In 2000 the government investments to local authorities which were distributed at regional level (by Local Government Associations and County governor) become to be decided by ministries and their officials or by the Parliament factions. This increased the individual pork barrelling and competition between individual municipalities over resources that is appropriate to fused pattern of central local relations.
In 2009 the State Court decided, after the application of Tallinn City (that is governed by party which is permanently in opposition), that government grant money and local revenue must be managed separately and the former must be transferred under the administrative supervision of higher state authorities. In 2009 after unsuccessful national reform of education the government started to reorganize case by case secondary schools (gymnasiums) from municipal-owned organisations into government subordinated organisations whereas the role of education expenditures are ca. Half of total local government budget expenditures. I.e. Estonia is close to the explicit introduction of fused pattern of central-local relations.
At the same time, surprisingly, local elites have not reacted in any way. There would be different explanation of that behaviour. The first, local elites are becoming more and more dependent on central party elites, especially after Estonian parliament have prohibited to have double mandate at local and central level legislatures. The second, local elites prefer more individual solutions in solving resource issues with ministries, i.e. they are becoming also personally dependent on civil service. Moreover, presumably majority of local elites have sacrificed autonomy of their community to the stability of personal office.
From amalgamations and cooperation
to the multilevel governance in Europe
Amalgamation of municipalities was one of responses to the rapid expansion of welfare state in 1950s [8]. Enlargement of municipalities was precondition to the delegation of welfare services to local authorities which may after that retain or even extend their autonomy. In Nordic countries public expenditures and employment at local level may be up to 2/3 of all public expenditures. Adoption of this strategy was possible because of dominant values of self-government and responsibility for community it’s well-being and of balanced dual model of central-local relations in Northern European region. In continental Europe where fused pattern of IGR formed and values of community protection and its political autonomy prevailed the provision of welfare services were let to the government field services of department / province / county level. The capacity gap of small communities was compensated by different forms of cooperation which started to develop for instance in France as soon as 1890 [20].
With the advent of crisis of welfare state in 1980-s and intensification of EU integration different strategies were applied. Nordic and Low countries launched the second wave of mergers [1; 25; 9]. The amalgamation’s strategy was extended – with high controversies - to the German politico-administrative space [30]. Countries with Napoleonic tradition of government (France, Italy, Spain) started to create are rely on self-governing regions. United Kingdom launched comprehensive reforms based on ideas of New Public Management.

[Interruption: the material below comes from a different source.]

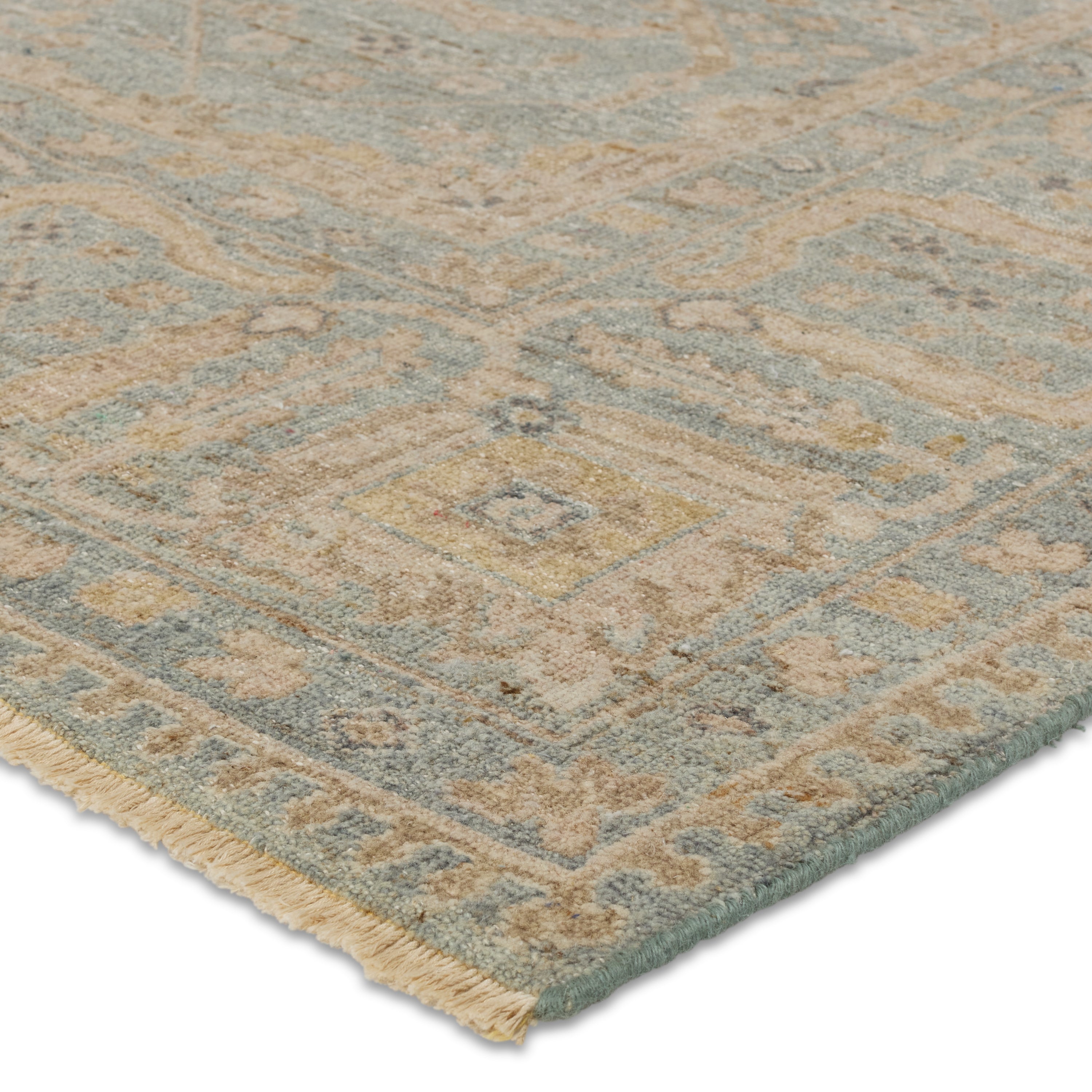 The vintage-inspired Tierzah collection features an antiqued wash and intricate traditional designs. The Maison wool rug boasts a Persian knot construction and tonal gray, tan, muted gold, and gray that grounds any space. This artisan-made rug features fringe trimmed details for a touch of global charm that pair perfectly with the intricate, floral trellis and border pattern. Amethyst Home provides interior design, new construction, custom furniture, and area rugs in the Washington metro area.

The role of local government as service provides was decreased and provision was contracted either to central public agencies or private sector, including third sector, providers [28]. Reforms in former British colonies (Australia, New Zealand) decreased radically the service provision role of local authorities [12].
Like NPM, also the other reforms with instrumental aims were able to adapt local governance to the fiscal stress, but not to develop principal solution of core institutional problems in intergovernmental relations (IRG). Already at the first stage of amalgamation reforms in Nordic area and with shift in capacity and responsibilities of municipalities, the classical concept of local autonomy as guarantee against intervention of central authorities started to erode [28]. The integrative understanding and pattern of local government autonomy, which presumes cooperation of central and local authorities in provision of public services becomes more appropriate for the furthering sustainability of local governance [16; 3]. In France and in Southern part of Europe the increasing need in fit between levels were achieved mainly through the personal integration of local and central elites, because local mayors of larger municipalities were either central figures in Parliaments or can hold simultaneously higher offices in government.

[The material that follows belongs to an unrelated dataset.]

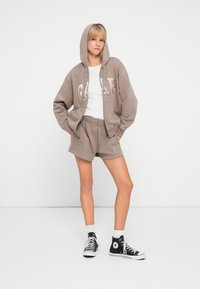 Tan hooded sweatshirt with logo, paired with matching shorts. Ensemble features a casual fit, soft fabric, and black high-top sneakers.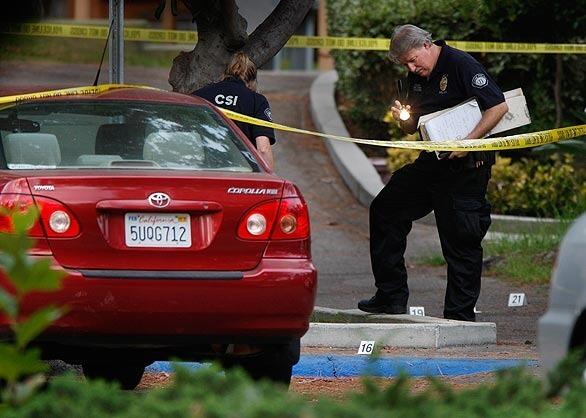 Crime scene investigators from the Irvine Police Department search for clues at the scene of a fatal shooting in the Verano Place student housing complex at UC Irvine. Brian Benedict, 35, a physics graduate student under suspicion of fatally shooting the mother of their child, Rebecca Benedict, 30, is in custody after the shooting Sunday night. It is the first homicide on the campus.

At that time the new challenge in the development of IGR become explicit, to which implicitly and in converted from responded already integrative approach as well as NPM reforms. Amalgamation reforms (and reforms of territorial integrity in Germany) referred to the need for more cooperation between levels or practice of managing across levels. The NPM strategy started to disintegrate – paradoxically through centralizing mechanisms – hierarchical relation between tiers of bureaucracy and central-local relations in particular. I.e. central local relations ceased to be zero sum power game [22], and instead, the need to introduction different institutional mechanisms that would ensure positive sum game between tiers and actors emerged. I.e. as a result of fiscal stress and globalisation (and EU integration) the extended (revised) understanding of subsidiarity (or of local autonomy) and the need in multilevel governance (MLG) emerged [4; 22].

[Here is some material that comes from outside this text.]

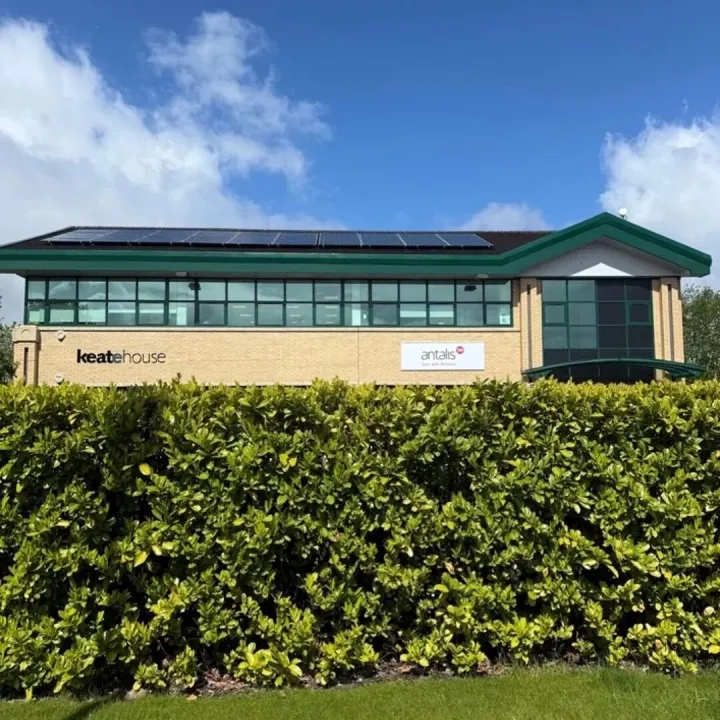 Brick office building with green window frames and rooftop solar panels behind a tall hedge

This challenge was summarized by H.Baldersheim [4, 209] who states:
“Local government reform in European countries has been a pursuit of two himeras: the ideal size of municipalities and the ideal division of functions between levels of government... The precise municipal size and functional distribution are not at all important for effective governance. What is important, however, is the pattern of coordination across levels of government, or the mode of multi-level governance.”
The analysis of MLG and its impact on relations between actors and tiers of government is extensive theme that deserves separate article [23]. We would briefly emphasize several specific traits that have changed aims, tools and the very sense of amalgamation in comparison with earlier one’s.
First and foremost, the main purpose of amalgamation reforms and it’s relation to other reform tools is changing. Earlier merges were aimed to increase mainly the effectiveness dimension and output legitimacy [14] of local government as service provision unit. Figuratively, the LG was fighting for the right to retain its role in the implementation of national policies at local level. The main theoretical focus was on issues of size and effectiveness, size and democracy [11; 7; 15]. Amalgamations were considered as one of possible tools of local government reform [10].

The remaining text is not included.